[[ Data shown open ]]

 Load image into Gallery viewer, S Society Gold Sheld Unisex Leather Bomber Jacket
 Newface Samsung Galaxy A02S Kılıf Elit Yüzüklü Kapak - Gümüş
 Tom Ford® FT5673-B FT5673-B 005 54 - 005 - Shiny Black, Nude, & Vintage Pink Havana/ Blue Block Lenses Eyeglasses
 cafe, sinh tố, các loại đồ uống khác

[[ Data shown closed ]]
[[ Data shown open ]]

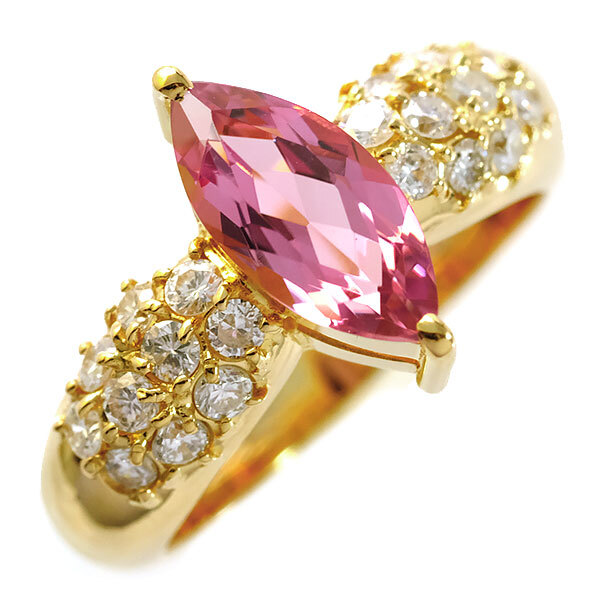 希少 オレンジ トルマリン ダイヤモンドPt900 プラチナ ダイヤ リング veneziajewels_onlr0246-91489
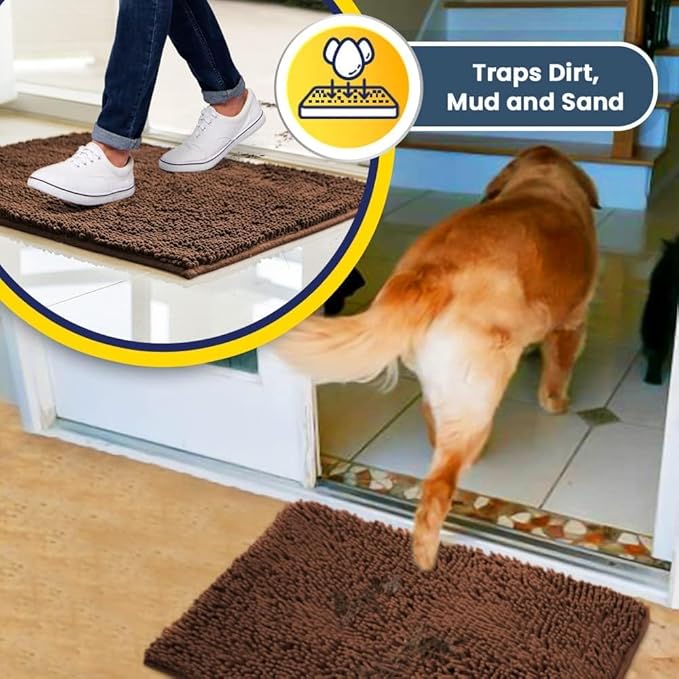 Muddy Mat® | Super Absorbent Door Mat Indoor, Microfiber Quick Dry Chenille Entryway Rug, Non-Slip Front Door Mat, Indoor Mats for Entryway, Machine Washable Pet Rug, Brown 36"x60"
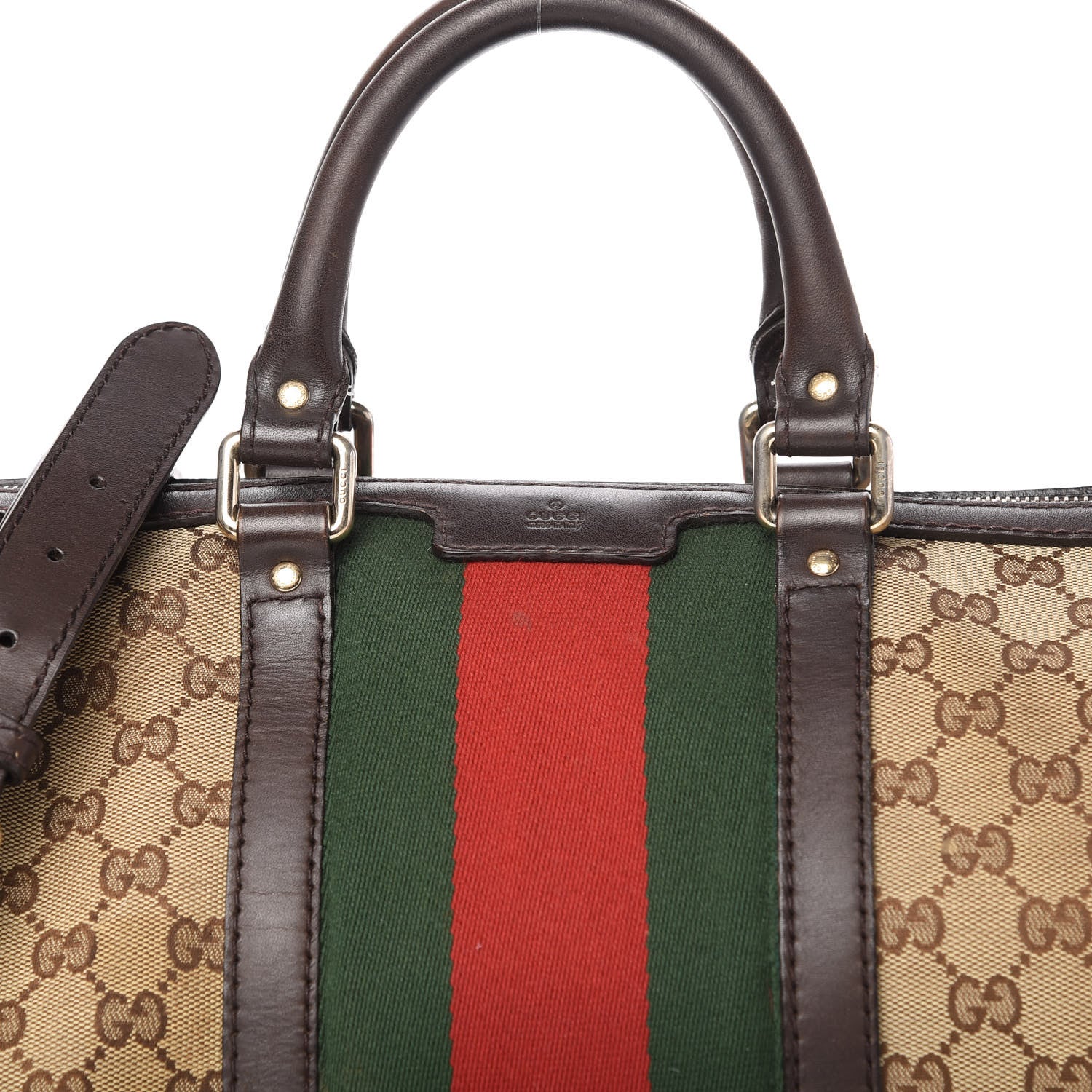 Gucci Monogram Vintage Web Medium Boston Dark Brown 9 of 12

[[ Data shown closed ]]

In the listing above, find the line containing "Muddy Mat® |" and the line containing "Gucci Monogram Vintage"; print those lines and every line between them exactly, leaving out pictures.

Task result →
 Muddy Mat® | Super Absorbent Door Mat Indoor, Microfiber Quick Dry Chenille Entryway Rug, Non-Slip Front Door Mat, Indoor Mats for Entryway, Machine Washable Pet Rug, Brown 36"x60"
 Gucci Monogram Vintage Web Medium Boston Dark Brown 9 of 12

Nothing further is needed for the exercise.